There are pictures in the records below; leave them out and set down exactly the lines from the one holding "Simplebrand Ava Terracotta" through the one holding "Krypt Silver 654".
(PROVIDED RECORDS begins)
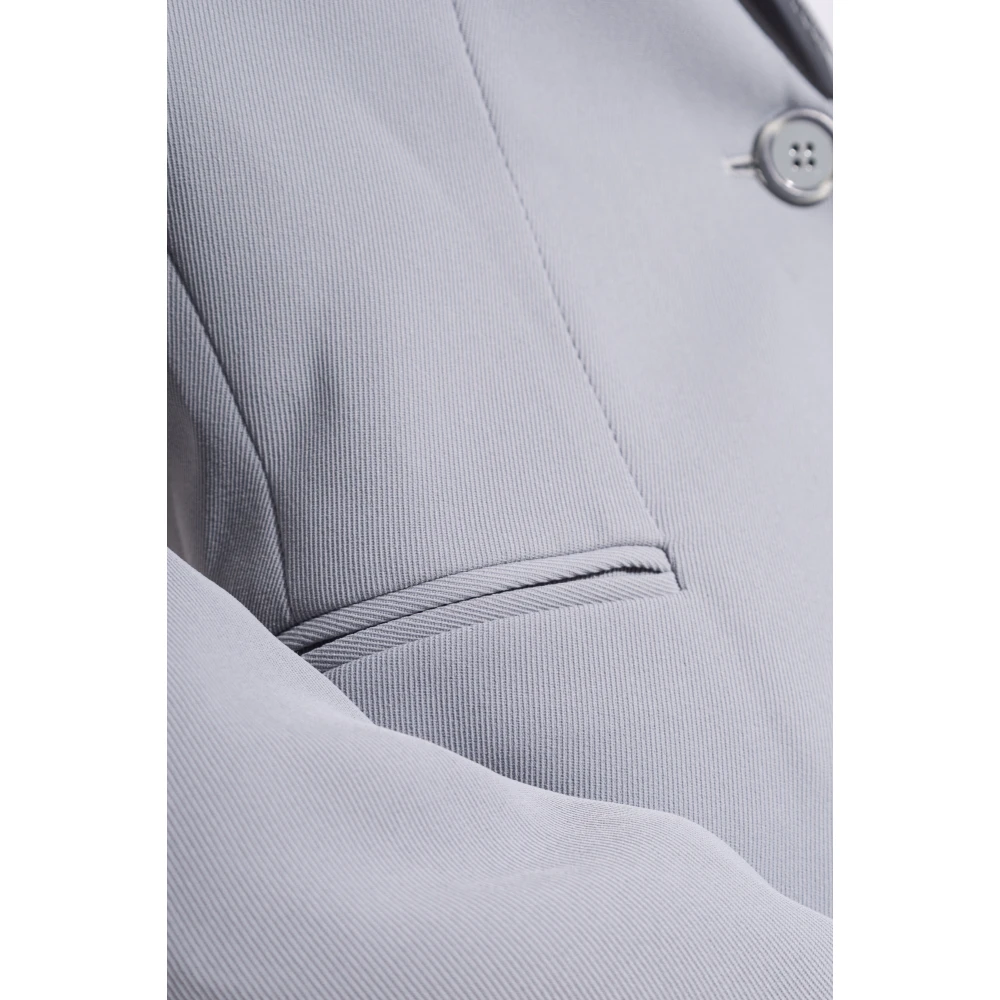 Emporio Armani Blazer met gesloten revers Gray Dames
(PROVIDED RECORDS ends)
(PROVIDED RECORDS begins)
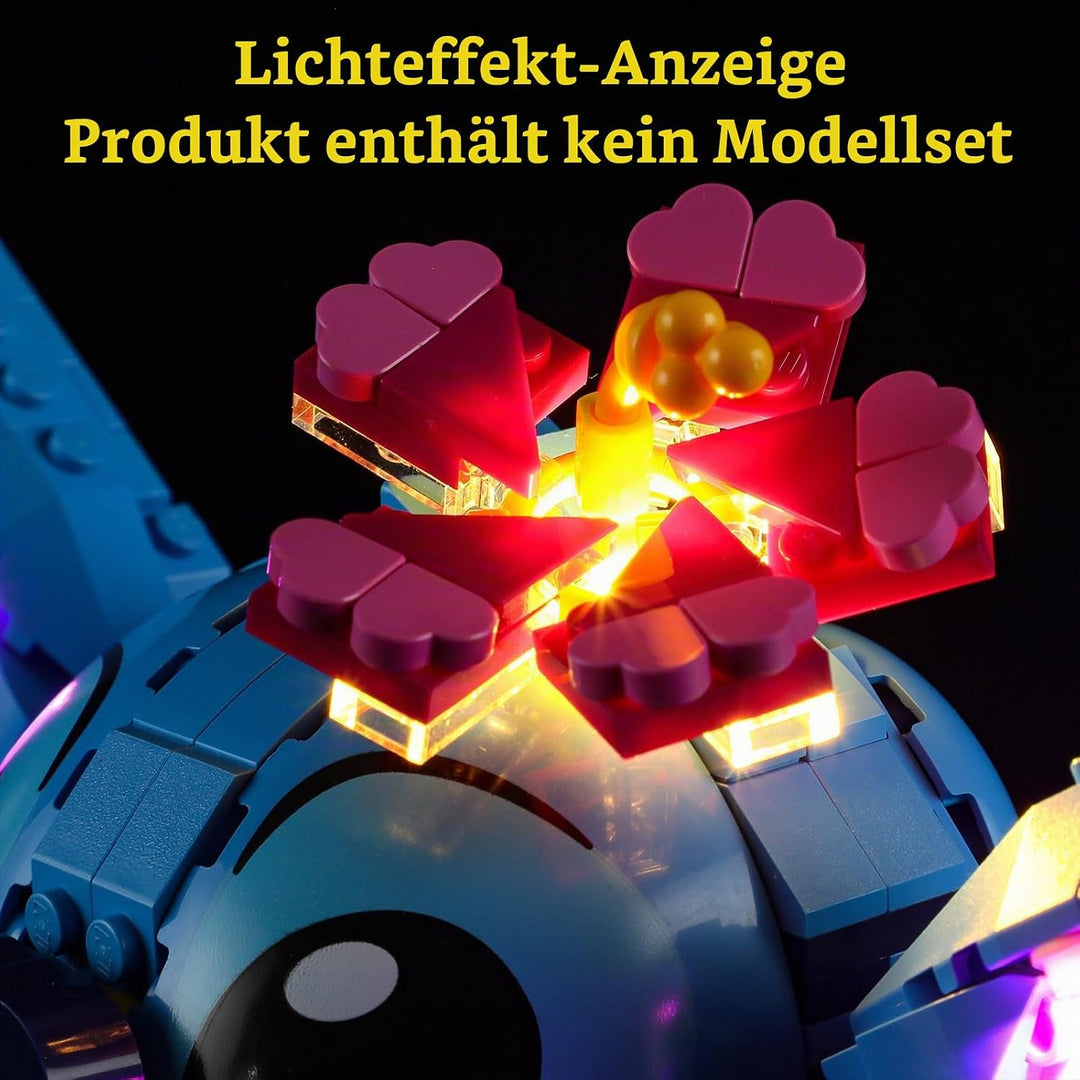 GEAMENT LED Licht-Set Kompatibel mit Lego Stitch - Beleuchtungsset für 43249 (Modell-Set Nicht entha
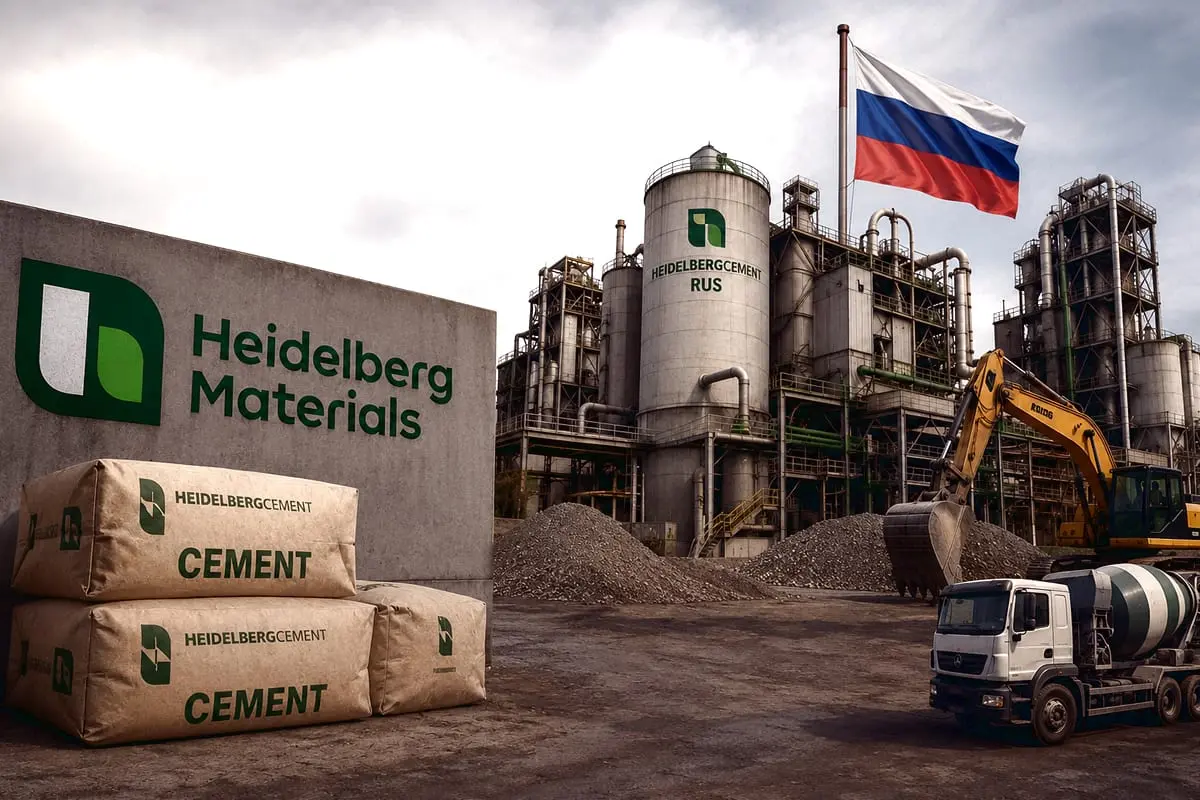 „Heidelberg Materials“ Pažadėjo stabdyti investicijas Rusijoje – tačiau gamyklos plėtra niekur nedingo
(PROVIDED RECORDS ends)
(PROVIDED RECORDS begins)
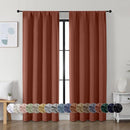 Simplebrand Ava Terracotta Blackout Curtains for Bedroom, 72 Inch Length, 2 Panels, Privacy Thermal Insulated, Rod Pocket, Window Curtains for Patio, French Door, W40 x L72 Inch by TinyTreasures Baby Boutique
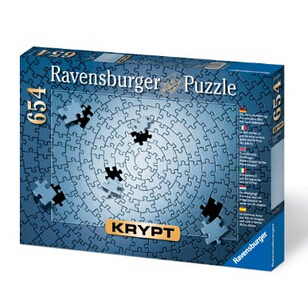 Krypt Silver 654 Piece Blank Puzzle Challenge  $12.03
(PROVIDED RECORDS ends)
**RESULT BELOW**
 Simplebrand Ava Terracotta Blackout Curtains for Bedroom, 72 Inch Length, 2 Panels, Privacy Thermal Insulated, Rod Pocket, Window Curtains for Patio, French Door, W40 x L72 Inch by TinyTreasures Baby Boutique
 Krypt Silver 654 Piece Blank Puzzle Challenge  $12.03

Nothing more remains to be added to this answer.